Authentication protocols:
Digest Protocol Extensions [MS-DPSP]
Credential Security Support Provider (CredSSP) Protocol [MS-CSSP]
NT LAN Manager (NTLM) Authentication Protocol [MS-NLMP]
Secure Sockets Layer (SSL)/Transport Layer Security (TLS) Protocols (SSL/TLS) [MS-TLSP]
Simple and Protected Generic Security Service Application Program Interface (GSS-API) Negotiation Mechanism (SPNEGO) Protocol Extensions [MS-SPNG]
The Extended GSS-API Negotiation Mechanism (NEGOEX) [IETFDRAFT-NEGOEX-02]
SPNEGO Extended Negotiation (NEGOEX) Security Mechanism (NEGOEX-04) [MS-NEGOEX]
Public Key Cryptography Based User-to-User Authentication - (PKU2U) [PKU2U-DRAFT]
Kerberos Proxy Key Distribution Protocol [MS-KKDCP]
Auxiliary Protocols:
Authentication Protocol Domain Support [MS-APDS]
Remote Certificate Mapping Protocol [MS-RCMP]
Netlogon Remote Protocol [MS-NRPC]
Custom Authentication Protocols:
Authentication Services provides an extensible network logon authentication architecture, which allows implementers to add custom authentication protocol security support providers (SSPs) to the system architecture.
Authentication protocol selection
Both the client and server application protocols can select any authentication protocol from the list of supported authentication protocols through the GSS-API interface, either directly or indirectly.
The client and server application protocols can directly select any of the following authentication protocols through the GSS-API interface: Digest [MS-DPSP], NTLM [MS-NLMP], CSSP [MS-CSSP], Kerberos [MS-KILE], and SPNEGO [MS-SPNG].
Application protocols can select indirectly any of the following authentication protocols: NTLM [MS-NLMP], Kerberos [MS-KILE], NEGOEX [MS-NEGOEX], PKU2U, and CUSTOM.
The difference between direct and indirect selection is the use of the SPNEGO protocol. Application protocols use the SPNEGO protocol when they attempt to select an authentication protocol indirectly; alternatively, application protocols can select the authentication protocol directly without using SPNEGO. Because support for these authentication protocols varies across Windows releases and application environments, the client and server application protocols have to select a mutually supported authentication protocol either directly or indirectly.

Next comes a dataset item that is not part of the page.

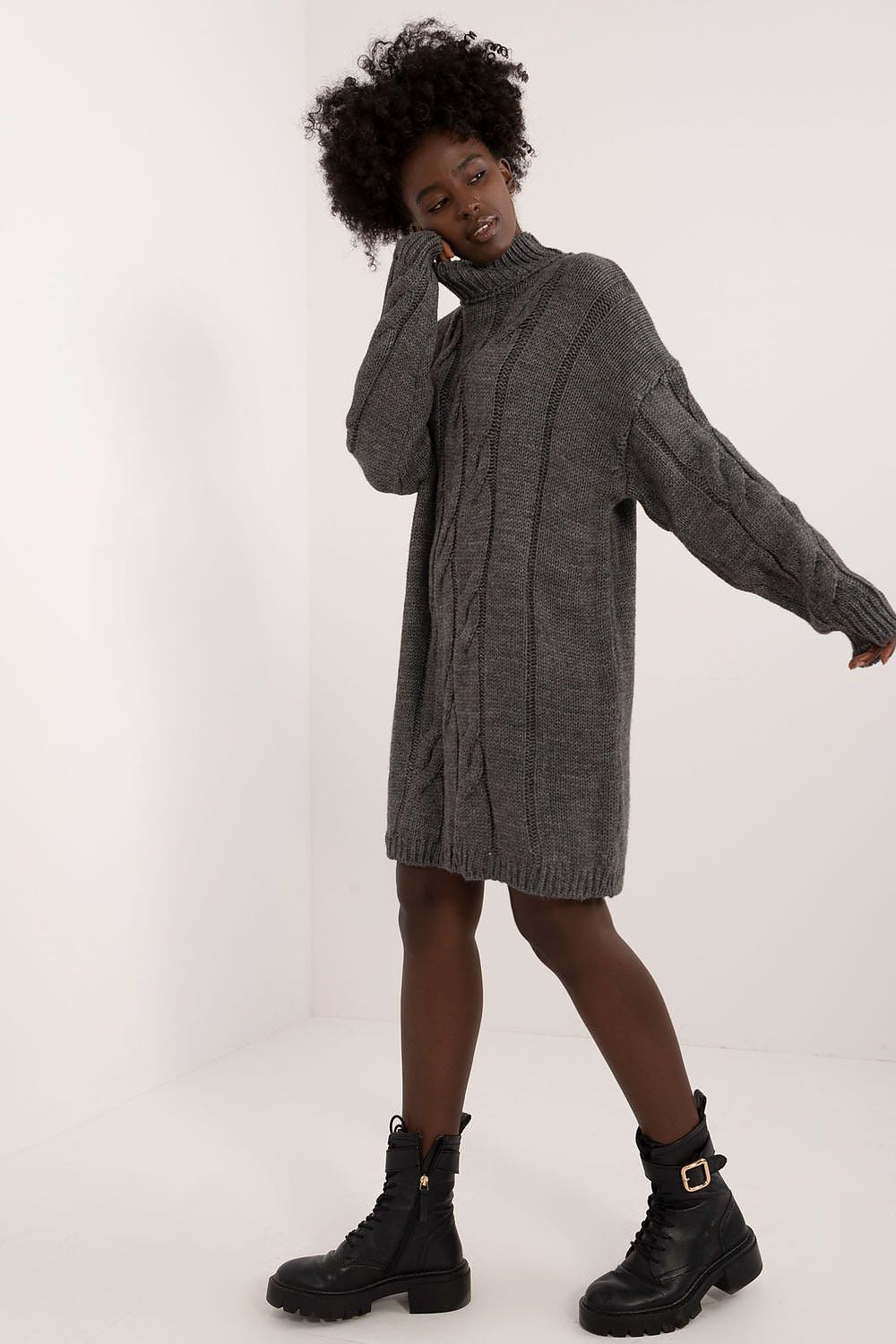 Badu's sophisticated turtleneck dress featuring unique texture and above-the-knee design, suitable for both casual and professional occasions.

For example, for a client and server to use the Kerberos authentication protocol, each have to support it.
An authentication protocol is selected in one of three ways:
Assertion
Application-Level Negotiation
Negotiate
Application-Level Negotiation uses the application-specific method or configuration to select the mutually agreed-on authentication protocol between client and server application protocols, whereas the other two options use Authentication Services.
Assertion
As a precondition for using Assertion to specify a mutually agreed-on authentication protocol when calling GSS-API, both the client and the server directly specify a single authentication protocol from the supported authentication protocols.
When the application or server uses only one authentication protocol for the exchange, it specifies (asserts) the protocol to use when replying to a client request to access a service. If the client does not support that protocol, the communication fails. This method of selection is called Assertion.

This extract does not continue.